Well, alrighty, then. So the Cleveland Browns braintrust will not get a chance to turn Travis Hunter into, I don't know, a placekicker or something.
Instead, Brownie the Elf traded down, and Jacksonville and the New York Giants traded up, and Shedeur Sanders traded hubris for humble pie, or some such thing. Whatever. The Bears and Colts both picked tight ends, so who cares, right?
Which is the Blob's cockeyed review of Thursday's first round of the NFL Draft, which the Blob again did not watch because sometimes it likes to pretend it has a life. Also I'm allergic to draft gurus prattling on about tight skin or burst or waist-bending or all the other esoterica with which they fill those endless minutes between picks.
Anyway ... here's some stuff that happened:
1. Miami (Fla.) quarterback Cam Ward went No. 1, as expected, to the Tennessee Titans.
I don't know if this is a good pick.
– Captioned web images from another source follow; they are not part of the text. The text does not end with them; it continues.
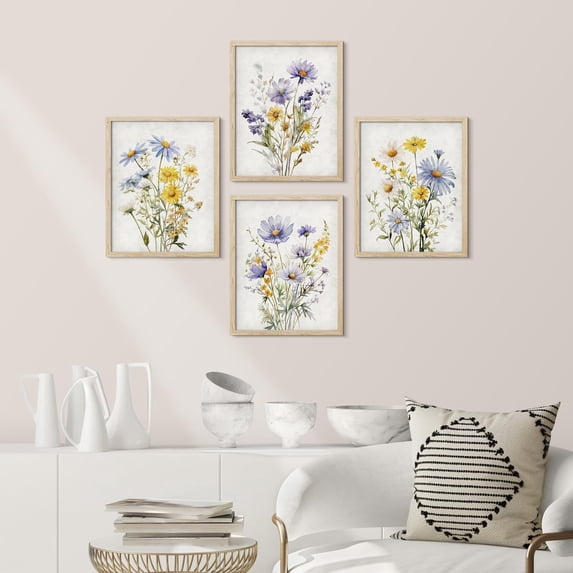PixonSign Framed Wall Art Multcolor Wildflowers Collage Posters, Set of 4 Classic Vintage Countryside Floral Canvas Prints, Retro Nature Botanical Prints Wall Décor for Home Decor - 11"x14" Natural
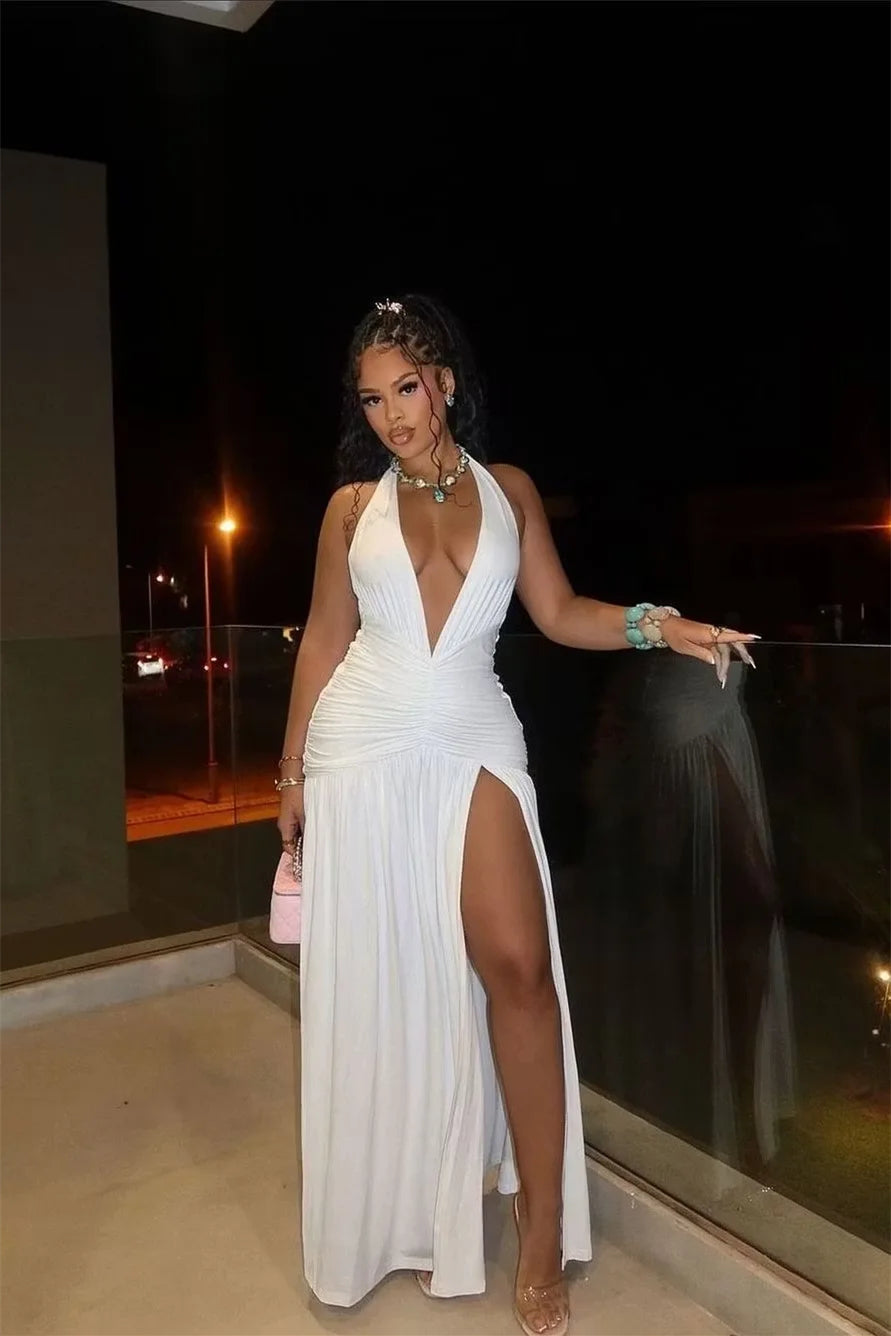 Timeless Halter V-Neck Sleeveless Prom Dresses High Split With Pleats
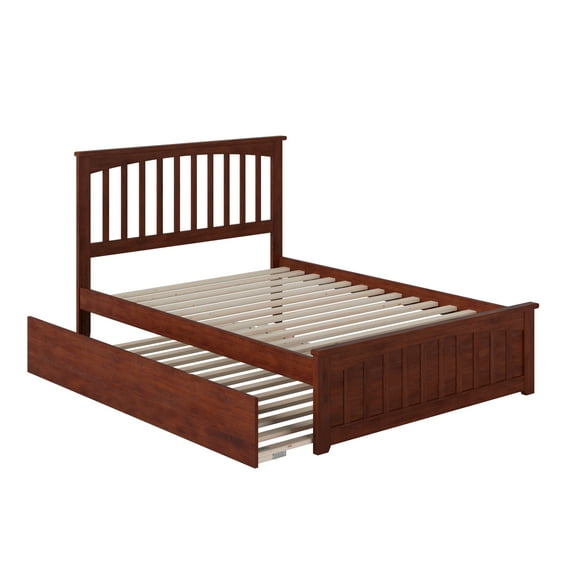 Mission Full Platform Bed with Matching Foot Board with Full Size Urban Trundle Bed in Walnut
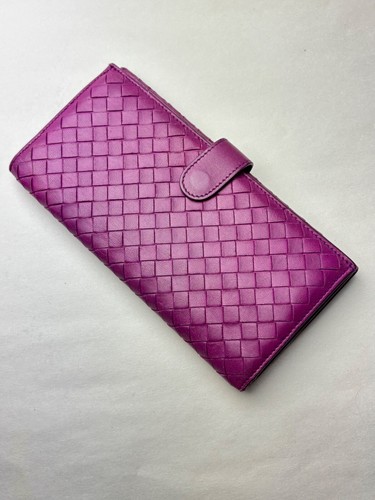 BOTTEGA VENETA Logo Intrecciato Bifold Long Wallet Leather Purple Italy - Picture 12 of 17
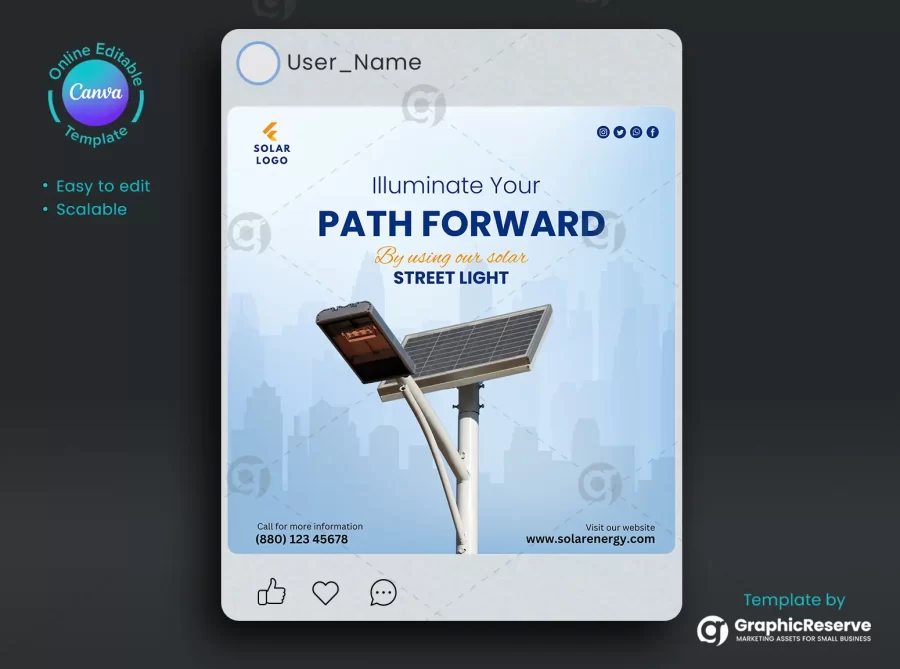 Solar Energy Instagram Banner Canva Design Template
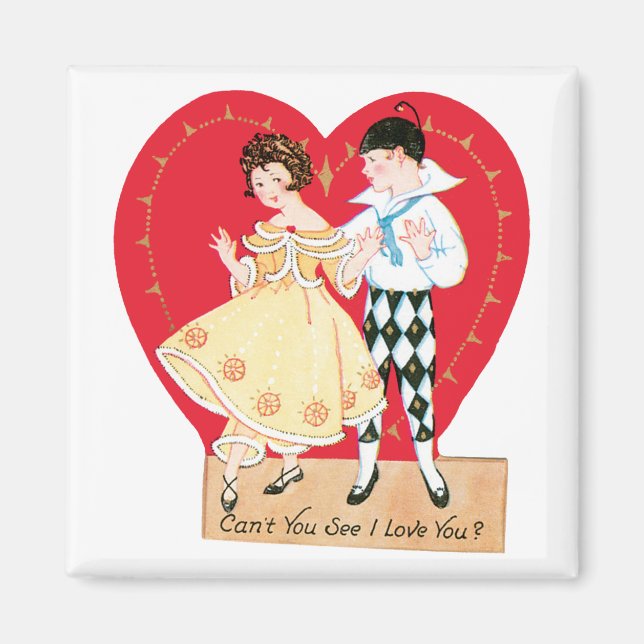 Retro Valentine's Day, Vintage Harlequin and Heart Magnet (Front)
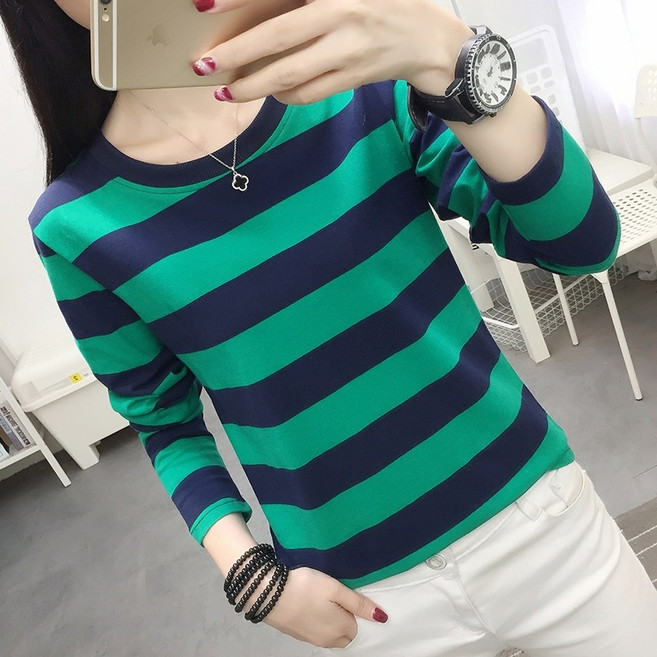 【胖MM顯瘦】條紋T恤 長袖T恤 女裝上衣 打底衫 秋裝 寬鬆T恤 純棉面料 高彈力 遮肉顯瘦 秋季百搭內搭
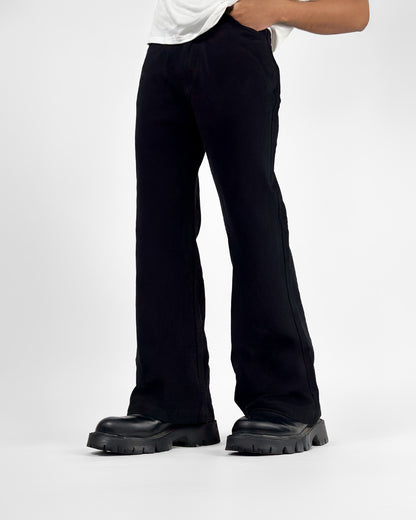 Black Wide Flared Jeans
I don't know if this is a bad pick. Frankly I wouldn't know Cam Ward from Cam Shaft. Supposedly he was the best QB in a weak draft for QBs. So I guess we'll see.
2. The Browns traded the second pick to the Jaguars, who used it to select Hunter, the all-world two-way star from Colorado.
Does this mean the Jags plan on playing Hunter at both cornerback and wide receiver? Beats me. All I know is the Jags' quarterback is still Trevor Lawrence. This raises the exciting prospect of seeing Hunter trying to chase down overthrown balls, underthrown balls and balls Trevor Lawrence shouldn't have oughta thrown.
3. The Giants, having already selected Penn State edge rusher Abdul Carter, traded up later in the first round to take Ole Miss quarterback Jaxson Dart.
This immediately makes Jaxson Dart the Jints' third-string quarterback of the future, seeing how Russell Wilson and Jameis Winston are already on the roster. Why would the Giants trade up to take a quarterback who may not play that much in 2025, if at all?
I don't know. They're the Giants. Why do they do anything?
4. The Bears took Michigan tight end Colston Loveland with the 10th pick. The Colts took Penn State tight end Tyler Warren with the 14th pick.
Both look like terrific picks, especially the superbly athletic Warren, whom Penn State lined up pretty much everywhere. This means there's an outside chance the Bears, and especially the Colts, didn't screw up for once.
Something, blind squirrel, acorn, something.
And last, and for the moment, least ...
5. It's Friday morning and Colorado quarterback Shedeur Sanders is still waiting on a phone call.
I don't know if this is just because he's Deion Sanders' kid, or because, as Deion Sanders' kid, he talked all kinds of smack pre-draft about how only teams that wanted to change their entire culture should pick him.
No, really. He actually said that.
NFL teams being notoriously averse to too much swagger in a rookie (and too bright a spotlight on same, which could lead to the dreaded "distraction"), everyone passed on Shedeur in the first round. Which was fairly amazing. I mean, even Jaxson Dart went in the first round.
Meanwhile, the Browns, who said "nah" to Shedeur even though they could use a quarterback, have the first pick in the second round. So there's a decent chance he could wind up in Cleveland.
Where there's a decent chance Shedeur Sanders could be either the Brownies' first culture-changing QB since Bernie Kosar, or the next Tim Couch, Brady Quinn, Brandon Weeden, Johnny Manziel et al.